_What you will do_
Your task is to restate word for word the lines in the material below, from the one with "2 Pack Office" up to and including the one with "たまごと豆腐のスープ-レシピのメイン写真". Do not carry over the pictures.

(Record extracts begins)

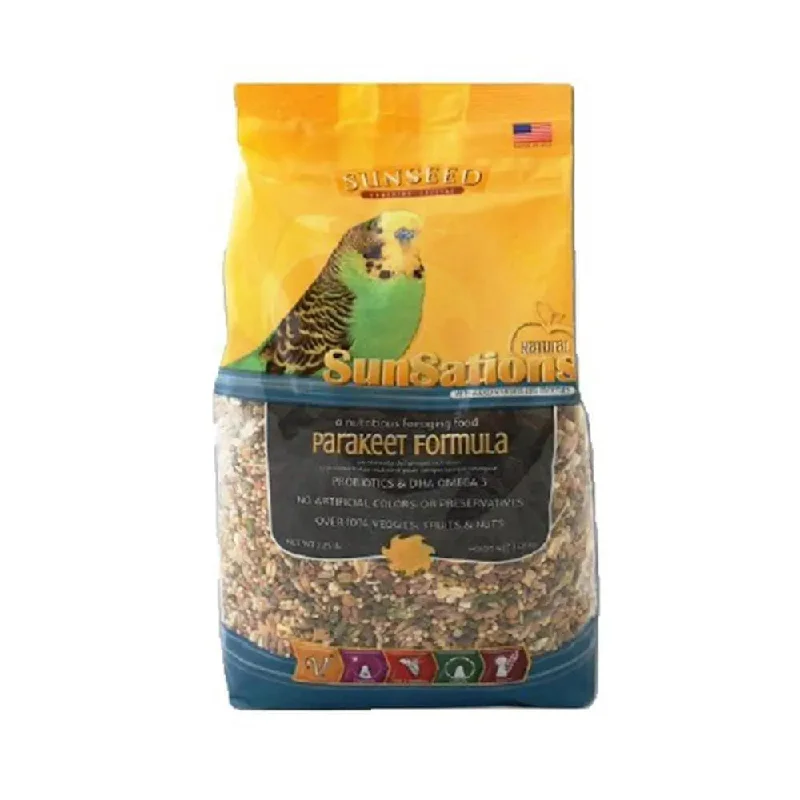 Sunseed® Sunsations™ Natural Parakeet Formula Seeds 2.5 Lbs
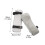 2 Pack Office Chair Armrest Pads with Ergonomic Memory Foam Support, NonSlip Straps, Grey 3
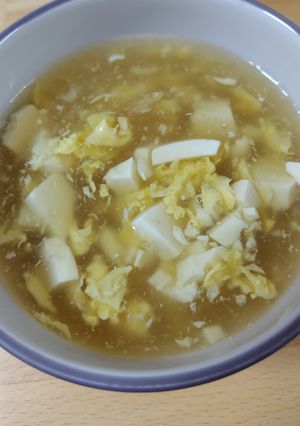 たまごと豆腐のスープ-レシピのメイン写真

(Record extracts ends)
(Record extracts begins)

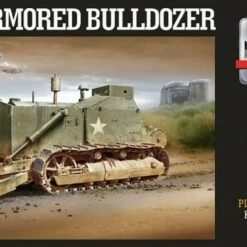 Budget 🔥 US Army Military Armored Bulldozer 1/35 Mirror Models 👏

(Record extracts ends)
(Record extracts begins)

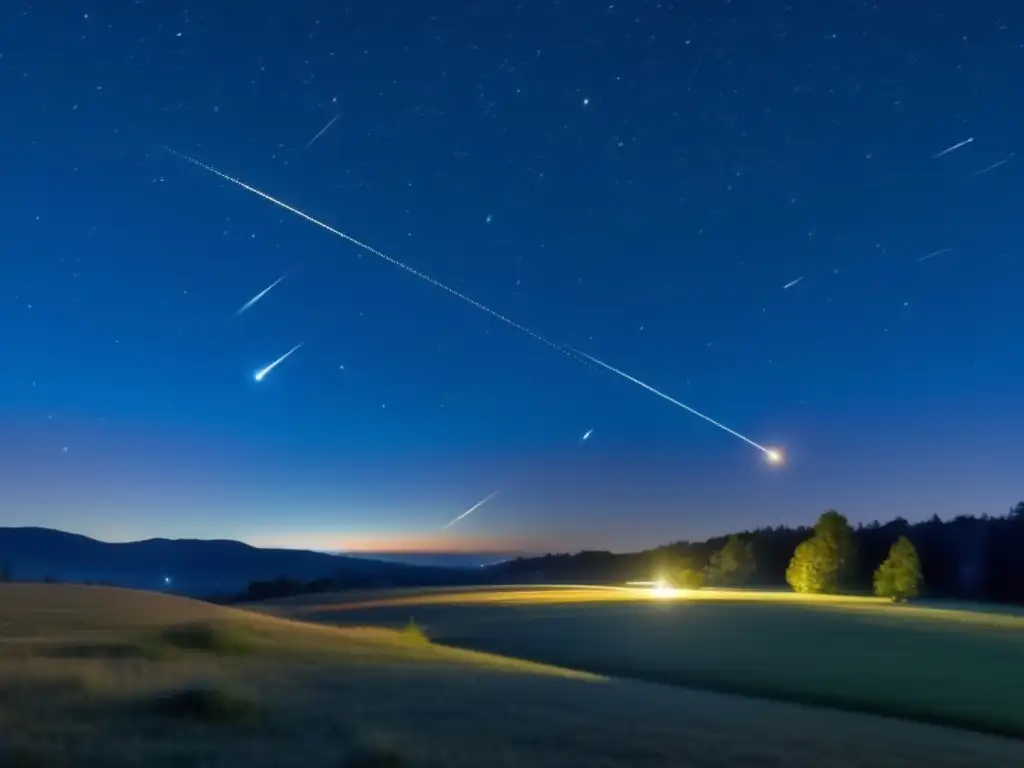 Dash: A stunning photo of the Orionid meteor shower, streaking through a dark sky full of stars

(Record extracts ends)

_Solution_
 2 Pack Office Chair Armrest Pads with Ergonomic Memory Foam Support, NonSlip Straps, Grey 3
 たまごと豆腐のスープ-レシピのメイン写真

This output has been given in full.